# WHAT IS EXPECTED
Please copy, exactly and with no pictures, only the lines from the one containing "Sara Magnusson Lostria" through the last line of the records.

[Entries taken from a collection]

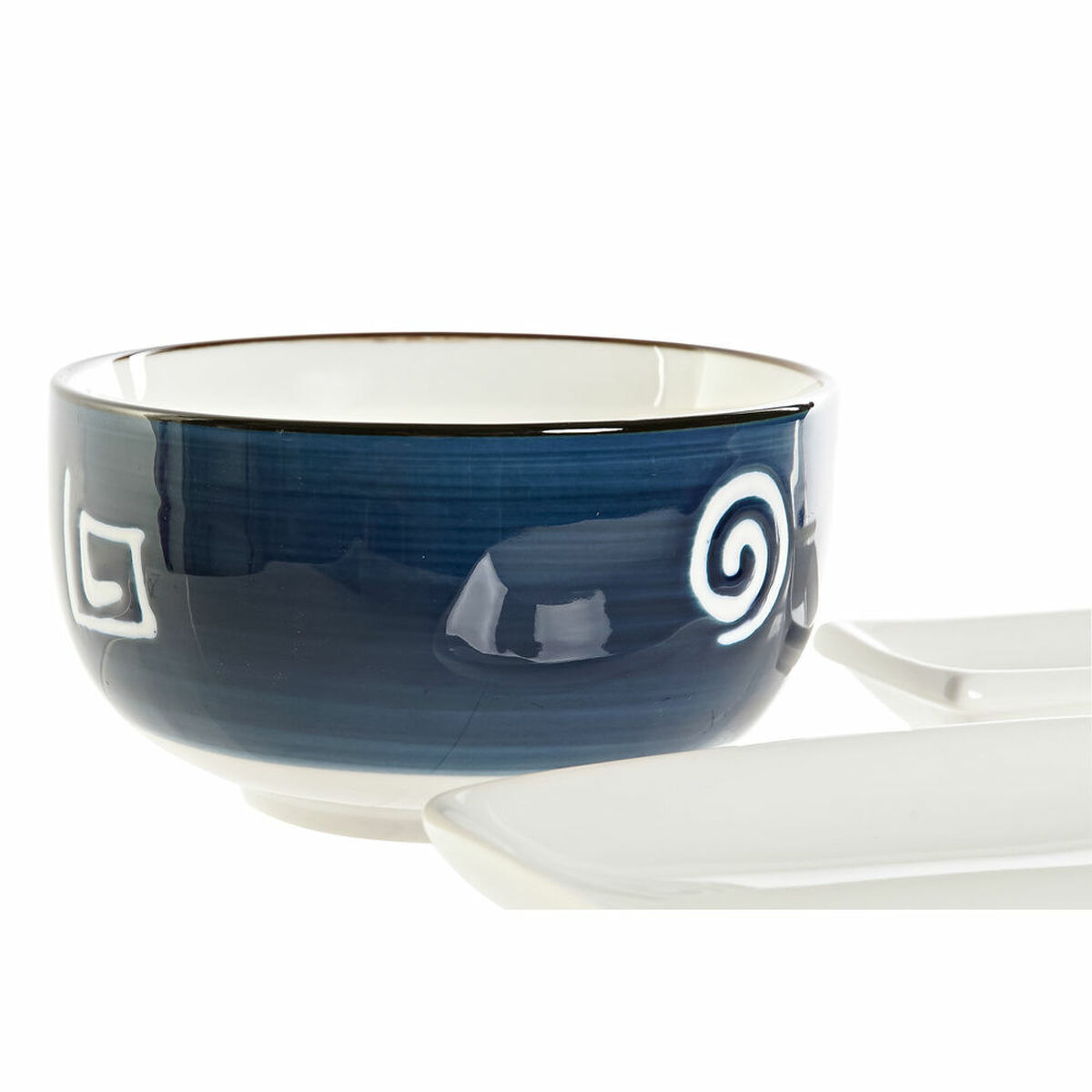 Sushiset DKD Home Decor 33,5 x 34,5 x 9 cm Porslin Vit Marinblå Orientalisk (33,5 x 34,5 x 9 cm) - 4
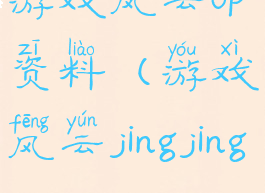 游戏风云op资料(游戏风云jingjing)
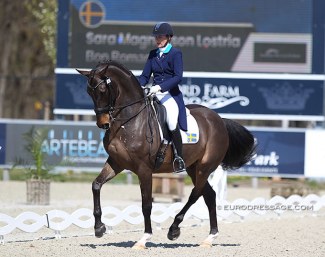 Sara Magnusson Lostria and Bon Romantic at their Grand Prix debut at the 2021 CDI Opglabbeek :: Photo © Astrid Appels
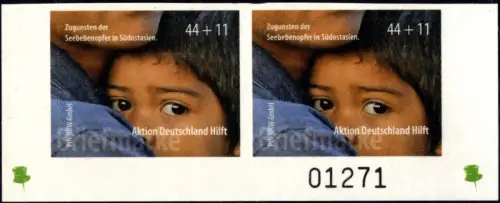 PIN NRW: MiNr. 1, "Seebebenopfer in Südostasien", Bogennummer, postfrisch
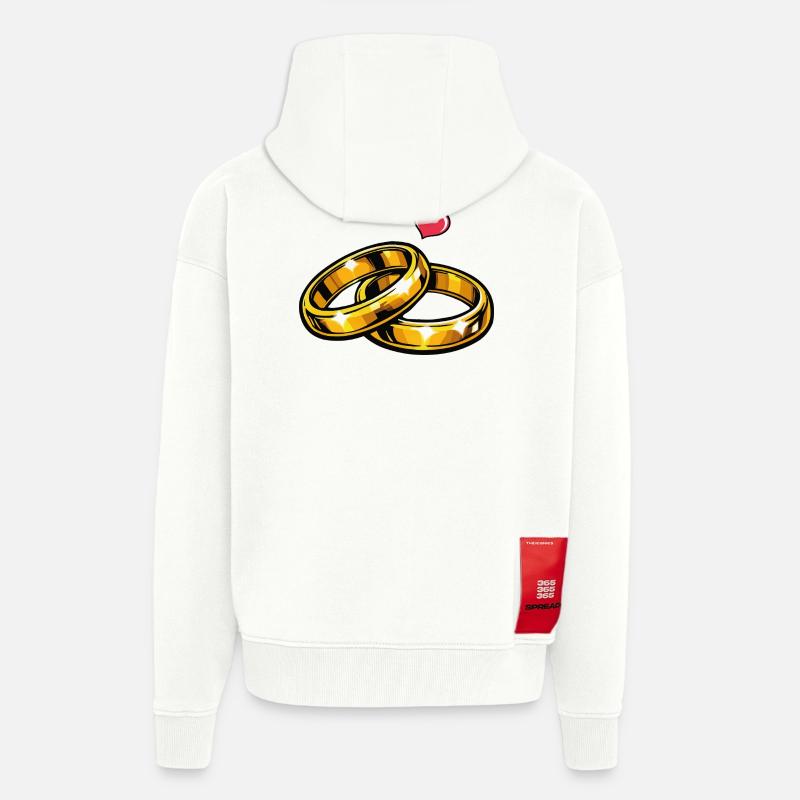 Goldene Eheringe mit Herzen - Zip Hoodie - made by SPREAD - OFF WHITE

# TASK OUTPUT
 Sara Magnusson Lostria and Bon Romantic at their Grand Prix debut at the 2021 CDI Opglabbeek :: Photo © Astrid Appels
 PIN NRW: MiNr. 1, "Seebebenopfer in Südostasien", Bogennummer, postfrisch
 Goldene Eheringe mit Herzen - Zip Hoodie - made by SPREAD - OFF WHITE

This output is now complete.